• The task:
The reply must repeat each entry exactly and contain no pictures.

=-=-=-=-=

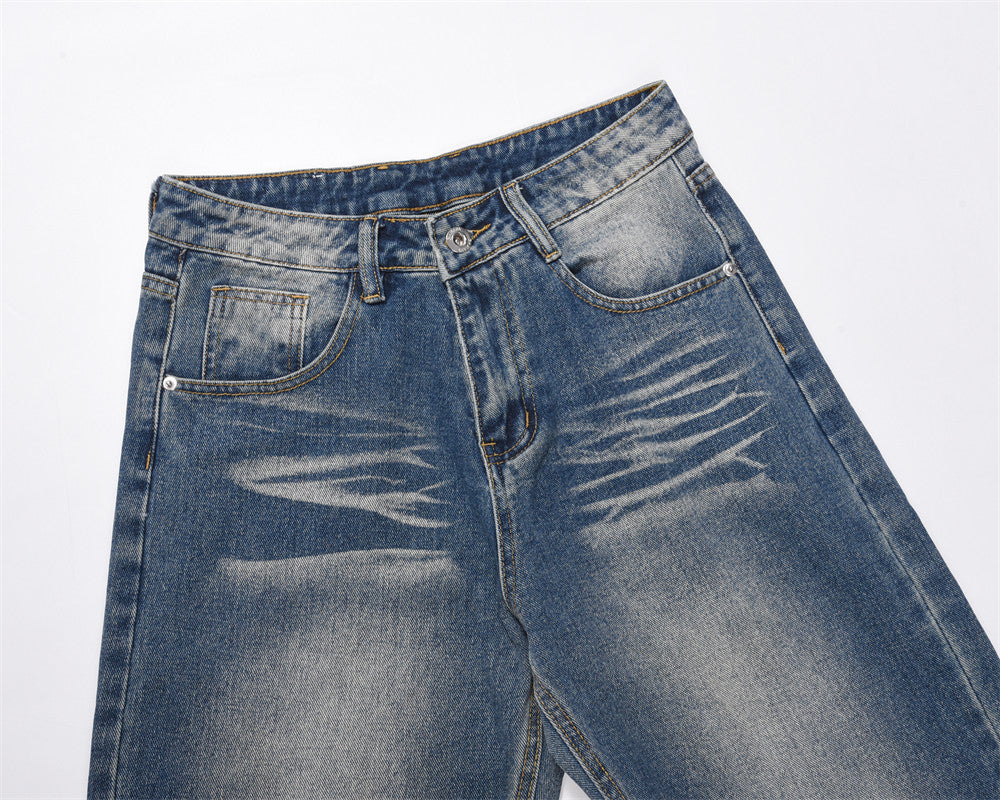 Washed White Pleated Straight Jeans For Men Washed White Pleated Straight Jeans For Men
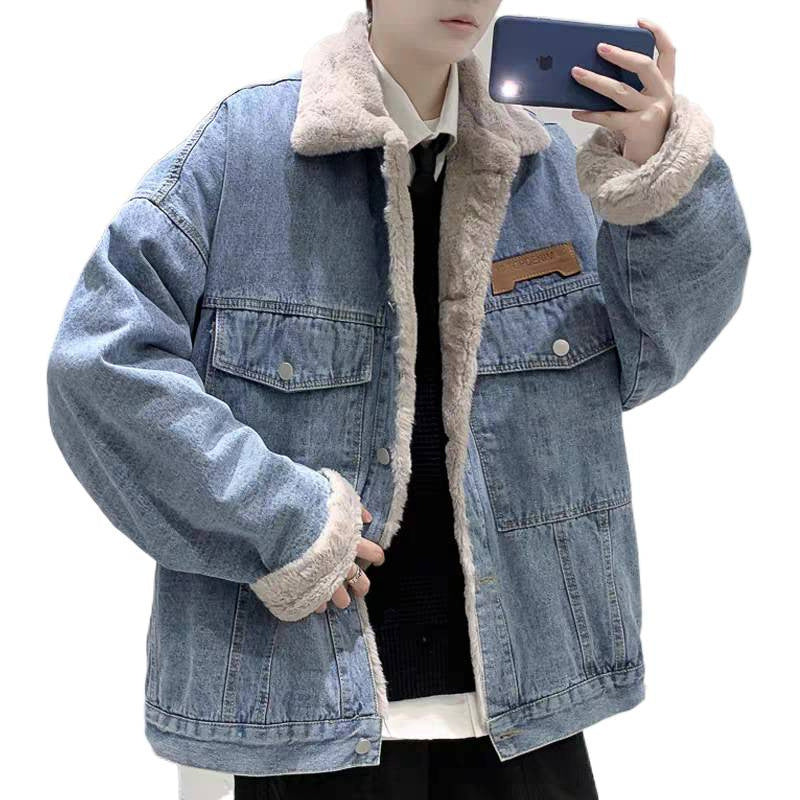 Men's Lined Oversized Denim Jacket with Teddy Lining and Flap Pockets Mune Fashion
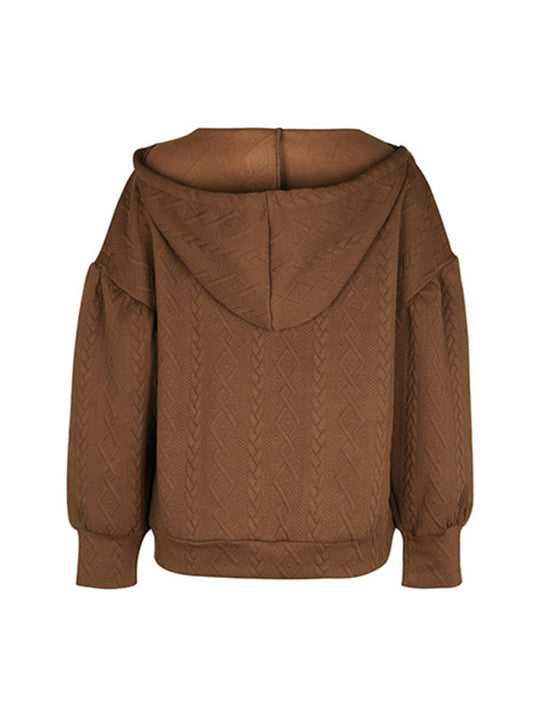 TEEK - Coffee Knitted Long Hooded Sweatshirt JACKET TEEK K   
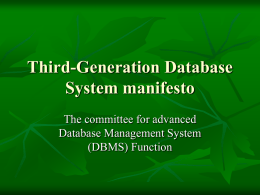 Third-Generation Database System manifesto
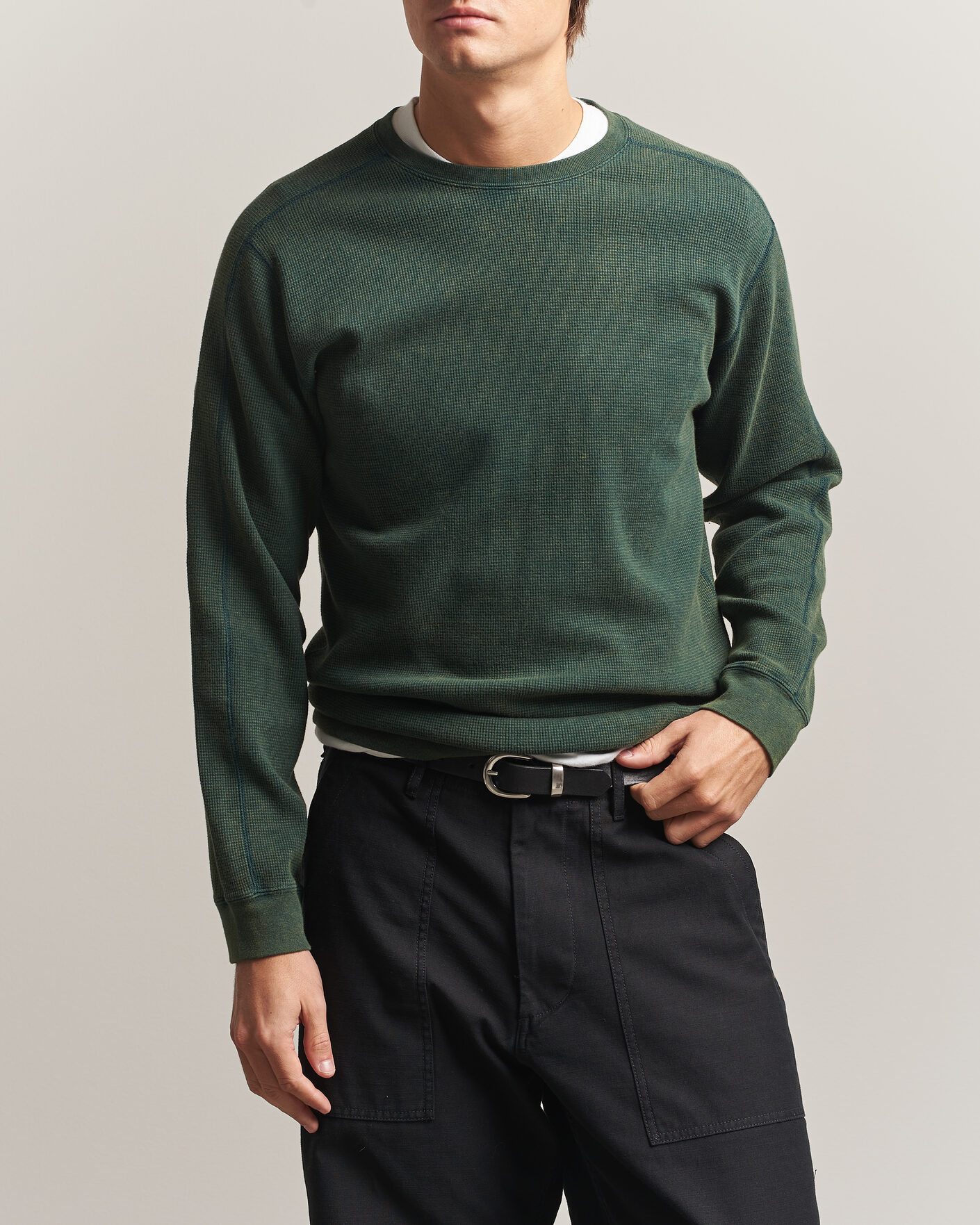 Men | T-Shirts | BEAMS PLUS | Fade Thermal Crew Green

=-=-=-=-=

• Finished task:
 Washed White Pleated Straight Jeans For Men Washed White Pleated Straight Jeans For Men
 Men's Lined Oversized Denim Jacket with Teddy Lining and Flap Pockets Mune Fashion
 TEEK - Coffee Knitted Long Hooded Sweatshirt JACKET TEEK K   
 Third-Generation Database System manifesto
 Men | T-Shirts | BEAMS PLUS | Fade Thermal Crew Green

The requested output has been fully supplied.